No, they could GPL it, and I don't think they're worried about competition taking the models anyway, there's nothing particularly special about the weights or training data, just the compute. I think part of it is pressure from AI "safety" hangers-on who pretend that AI is dangerous so only those who don't want to abide by license terms should have unfettered access. The other commercial reasons are harder to understand. With pytorch they became the standard that everyone builds off of, they could do that with their recent AI, particularly LLaMA but they chose this silly route.
Also, LLaMA has a more permissive license than this translation one, and is a more powerful model, so I don't really see the "homing missiles to open AI" angle.
> [...] I don't think they're worried about competition taking the models anyway, there's nothing particularly special about the weights or training data, just the compute
If that is the case, then what do you suppose is the reason most researcher outfits stopped releasing model weights, or offer more restrictions when they do?
Using the GPL won't prevent the larger AI competitors from using your model outputs from tuning their non-public models to consistently beat yours, but a non-commercial clause does.
> Also, LLaMA has a more permissive license than this translation one, and is a more powerful model, so I don't really see the "homing missiles to open AI" angle.

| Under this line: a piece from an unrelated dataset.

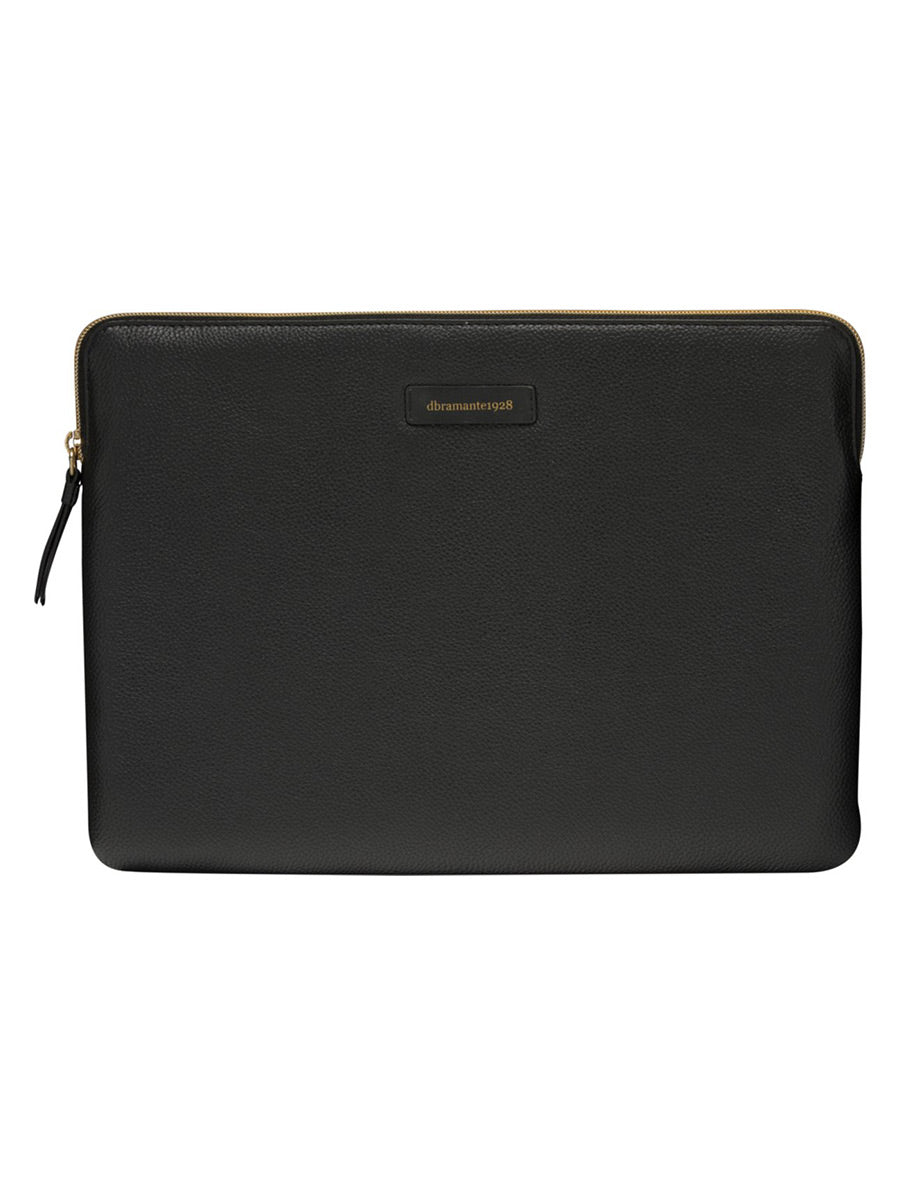 Cumpara Husa dbramante1928 Paris pentru MacBook Pro 13"/MacBook Air 13", Piele, Negru de la Mesterul Minune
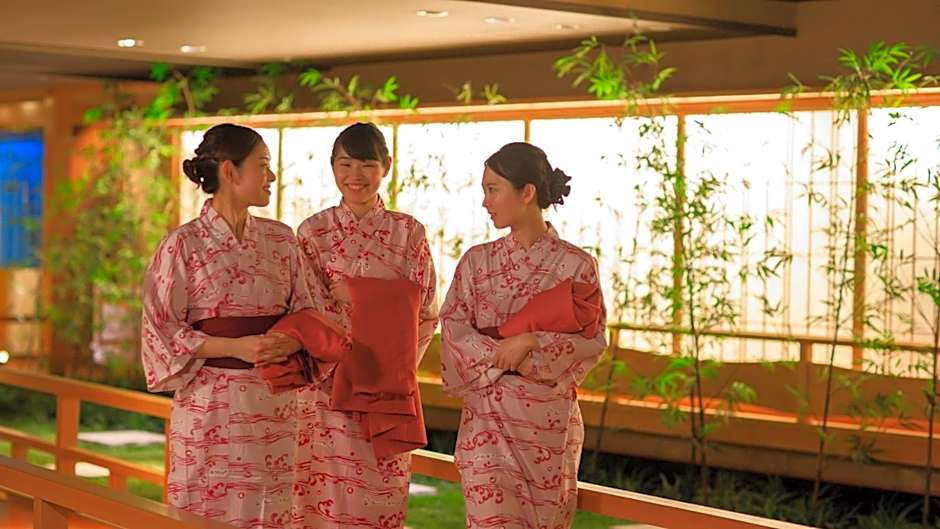 Kinugawa Hotel Mikazuki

LLaMa lags ChatGPT 4, but SeamlessM4T is ahead of WhisperX in some ways
Please do not post output from LLMs here. It is against the rules and we have plenty of knowledgeable people to answer questions. We all have access to these chat bots if we want their answer.
To be fair to the op, prefacing as an LLM output was the right choice, and although I do have access to these same tools, it was nice to get a description and know possibly that it’s a little off the mark, but I’m further ahead than before.
To be fair to you, i agree. HN is probably the last place you want to use low-effort AI comments, regardless of how helpful they may be. Let’s leave the AI comments for Reddit.
One limitation that seems undocumented, the current code only supports relatively short clips so isn't suitable for long transcriptions:
> ValueError: The input sequence length must be less than or equal to the maximum sequence length (4096), but is 99945 instead.